|
| 10.3.2 Delimiting an Entire Region |
|
We want to do a text search against our table for a user's query,
but limit the results to, say, a 100x100 mile box centered on a
specific location, say the center of the user's city. Thus we
can find results in adjacent cities, states or ZIP codes that aren't
given in our query but are nonetheless physically nearby.

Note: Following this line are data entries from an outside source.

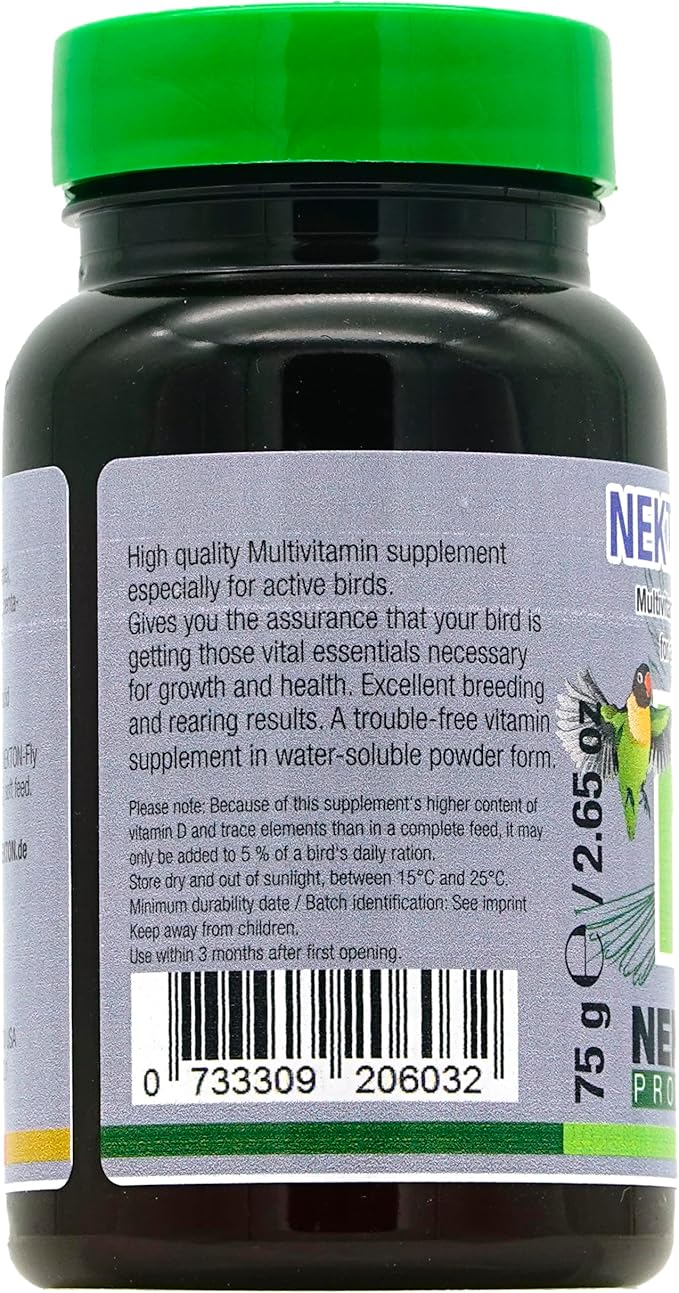 Nekton-Fly Supplement for Active Birds 75g, (2.65oz)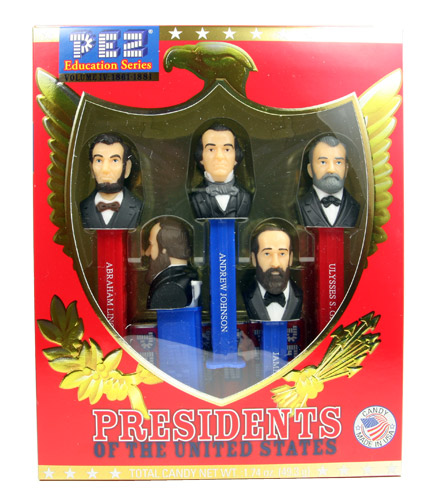 PEZ - US Presidents - Presidents Volume 4: 1861-1881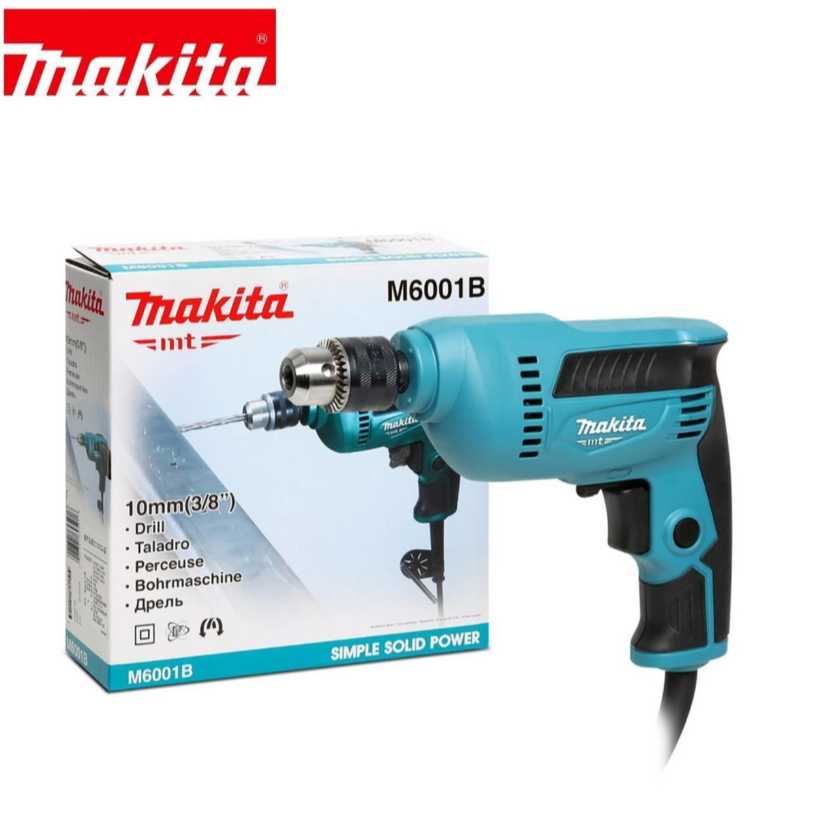 สว่านไฟฟ้า10 mm. 3/8 450W Makita M6001B ปรับซ้ายขวา  CB-85A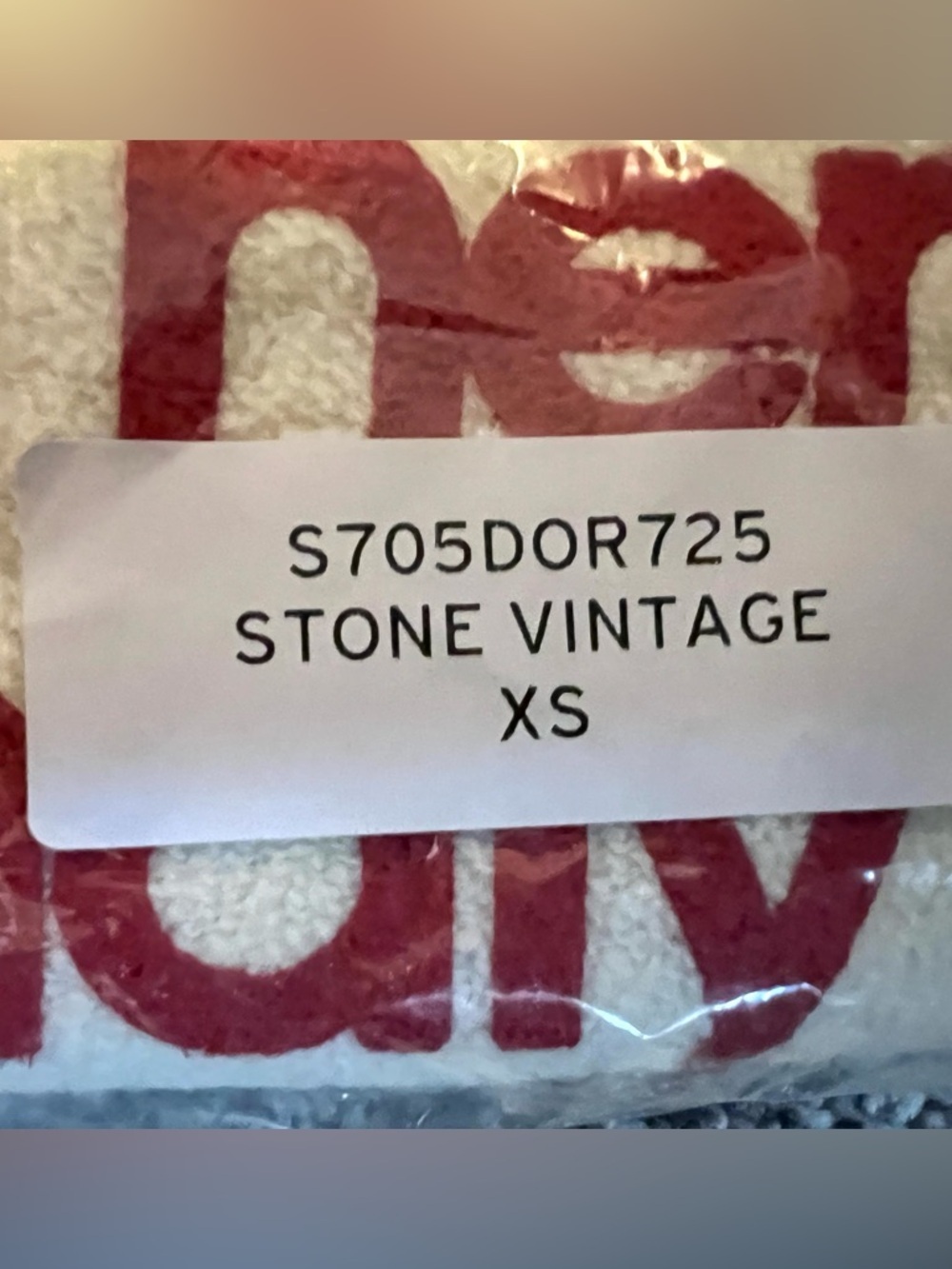 DAYDREAMER The Doors Love Her Madly Reverse Crew in Stone Vintage Size XS NWT - Picture 4 of 7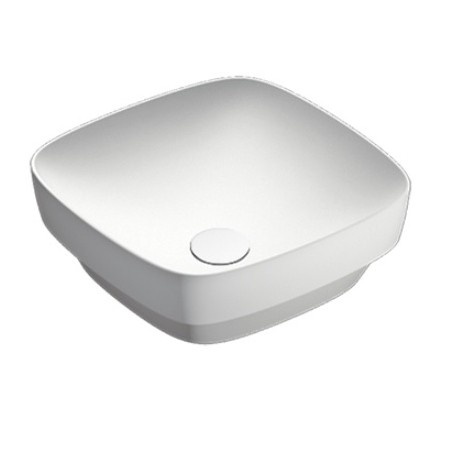 Green lux 40x40 catalano lavabo installazione ad appoggio, semincasso, su mobile bianco satinato senza troppopieno 140AGRLXBM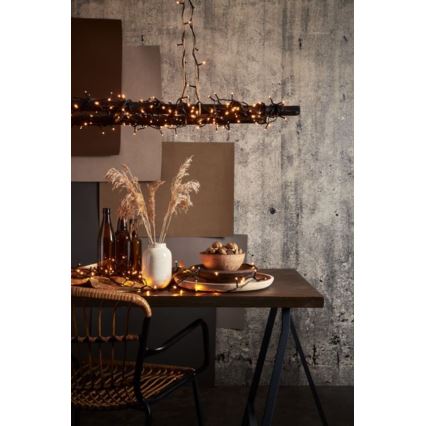 Eglo - LED външна гирлянда 1200xLED 29m IP44 топло бяло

We modify our table schema and add the following columns:
- Lat
The latitude of the attraction, as an integer, in DDDMMSS
format. Thus, 40 degrees 30 minutes 45 seconds north latitude
is 403045.
- Lon
The longitude, in the same format.
- GeoCode
A long
field which we'll use in a moment.
We also need a table, city
, which lists cities and
their latitude/longitudes, so we can look them up. (Thunderstone
has such data already available, if you contact us.)
The slow/impossible way
At first, this would seem to be the best way to limit our
search to a boxed region:
<SQL MAX=1 "select lat, lon from city
where Place\State like $city
order by Pop desc">
<SQL MAX=10 "select Name from tourist
where Desc likep $query
and Lat between $lat - 10000 and $lat + 10000
and Lon between $lon - 10000 and $lon + 10000">
$Name <BR>
</SQL>
</SQL>
|
First, we look up the user's given $city
in our city
table. This gives us $lat
and $lon
for the center of town. (Note the order-by: we want larger cities
first, eg. Cleveland, OH is probably preferred over Cleveland, TN
if the state wasn't mentioned.)
2 degrees is roughly 120 miles, so we search within +/- 1 degree
of $lat
/$lon
in our inner <SQL>
. Our
latitude/longitude data is in DDDMMSS format, as integers, so 10000
is 1 degree 0 minutes 0 seconds. Now we have a boxed regional
search, centered on a specific location.
The problem
The problem is the post-processing required here. Any of the
three clauses in the inner query, the $query
clause, the
latitude search, and the longitude search, could easily return a
huge number of rows by themselves, no matter which we index
and we put first. Even though the overall result may be a small
number of rows, a lot of index rows would have to be ANDed to
produce the results - slow.
The better way
Our actual geographic region is very small. If we could somehow
tie the latitude and longitude together into one value, a search
against it would return much fewer rows from such a (combined) index.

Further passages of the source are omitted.